Опять «допросы с пристрастием», то есть с пыткой. Показали на допросе на князя Гагарина, но он оправдался. И камергер Лилиенфельд оправдался, а вот жена его Софья оказалась замешанной в дело. Она показала: «С маркизом Боттою я встречалась в домах Бестужевой и Лопухиной и слышала, как он с сожалением говорил, что принцесса неосторожно жила, отчего и правление потеряла, всегда слушалась фрейлины Юлии, на что мы ему отвечали, что это совершенная правда, сама она принцесса пропала и нас погубила, в подозрение нынешней государыни подвела. Говаривали при мне графини Бестужева с Лопухиной, что ее величество непорядочно и просто живет, всюду беспредельно ездит и бегает».
Елизавета очень внимательно следила за ходом следствия, часто сама тайно присутствовала на допросах. Софья Лилиенфельд была беременна, и следователи, ввиду ее положения, не решались устраивать ей очную ставку с названными ею осужденными. Елизавета жестко приказала – посадить в крепость и устроить очную ставку по всем правилам, «понеже коли они государево здоровье пренебрегли, то плутов и наипаче жалеть не для чего, лучше чтоб их век не слышать, нежели еще от них плодов ждать».
Никто из осужденных и словом не упомянул о замыслах на отравление государыни, никакой определенной противогосударственной партии, одни пустые разговоры. В Петербурге дело называли «бабий заговор», при этом даже насмешничали, а главное, никто на допросе не называл имя вице-канцлера. А ведь Алексей Петрович с Боттой приятельствовал. Брат Михайло Бестужев сидел дома под домашним арестом.
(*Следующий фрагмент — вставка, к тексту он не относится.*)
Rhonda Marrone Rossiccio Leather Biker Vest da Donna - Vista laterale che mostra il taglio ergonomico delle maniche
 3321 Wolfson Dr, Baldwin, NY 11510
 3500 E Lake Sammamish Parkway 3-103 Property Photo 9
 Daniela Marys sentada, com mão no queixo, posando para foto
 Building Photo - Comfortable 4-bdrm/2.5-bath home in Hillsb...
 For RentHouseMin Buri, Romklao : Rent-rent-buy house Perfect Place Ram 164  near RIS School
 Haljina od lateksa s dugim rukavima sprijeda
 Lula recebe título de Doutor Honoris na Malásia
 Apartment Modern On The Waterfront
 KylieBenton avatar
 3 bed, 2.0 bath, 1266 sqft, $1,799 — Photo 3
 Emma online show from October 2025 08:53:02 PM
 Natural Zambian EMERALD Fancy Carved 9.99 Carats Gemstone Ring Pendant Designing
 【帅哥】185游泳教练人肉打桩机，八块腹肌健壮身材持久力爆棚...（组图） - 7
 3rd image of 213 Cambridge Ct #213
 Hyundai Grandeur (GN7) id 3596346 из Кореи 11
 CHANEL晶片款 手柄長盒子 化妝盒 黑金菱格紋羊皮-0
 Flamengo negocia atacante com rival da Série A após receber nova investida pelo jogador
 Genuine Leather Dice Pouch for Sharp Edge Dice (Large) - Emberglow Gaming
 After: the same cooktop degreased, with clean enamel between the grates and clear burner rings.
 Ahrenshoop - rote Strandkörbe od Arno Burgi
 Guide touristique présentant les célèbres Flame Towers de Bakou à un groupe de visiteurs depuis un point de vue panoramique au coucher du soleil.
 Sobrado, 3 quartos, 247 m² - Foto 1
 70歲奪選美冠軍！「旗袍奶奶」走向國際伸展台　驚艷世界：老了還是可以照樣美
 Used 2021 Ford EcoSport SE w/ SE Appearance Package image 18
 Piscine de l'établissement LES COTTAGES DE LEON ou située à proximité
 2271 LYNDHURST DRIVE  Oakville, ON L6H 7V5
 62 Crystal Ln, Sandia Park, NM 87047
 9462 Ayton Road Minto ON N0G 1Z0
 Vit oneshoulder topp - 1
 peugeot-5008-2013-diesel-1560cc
Он сразу отрекся от жены, опросные листы его в деле не фигурировали. Лесток от усердия буквально с ног сбился: он ожидал, что Алексей Бестужев заступится за родственницу, а там можно будет и поподробнее поговорить. Но вице-канцлер как воды в рот набрал. Мол, нашли злоумышленников, так карайте!
Для суда над преступниками Сенат учредил государственное собрание, которое 19 августа 1743 года вынесло сентенцию: Лопухиных всех троих и Анну Бестужеву колесовать с отрезанием языка. Несчастную Софью Лилиенфельд и еще троих – Машкова, Зыбина и Путятина – казнить смертию за то, что «слыша опасные разговоры не донесли».
Как свидетельствуют протоколы собрания, один из сенаторов высказал такое сомнение: «Достаточно предать виновных обыкновенной смертной казни, так как осужденные еще никаких усилий не учинили, да и российские законы не заключают в себе точного постановления на такого рода случаи относительно женщин, большей частью замешанных в этом деле». На это принц Гессен-Гамбургский возразил: «Неимение писаного закона не может служить к облегчению наказания. В настоящем случае кнут да колесование должны считаться самыми легкими казнями».
Елизавета отменила смертную казнь. Главным четверым обвиняемым присудили кнут и вырезание языка. Государыня словно мстила своим жертвам за бездумную и опасную болтовню. А дальше – кому кнут, кому в матросы, кому ссылки с конфискацией имущества. Всего по делу прошло около пятнадцати человек.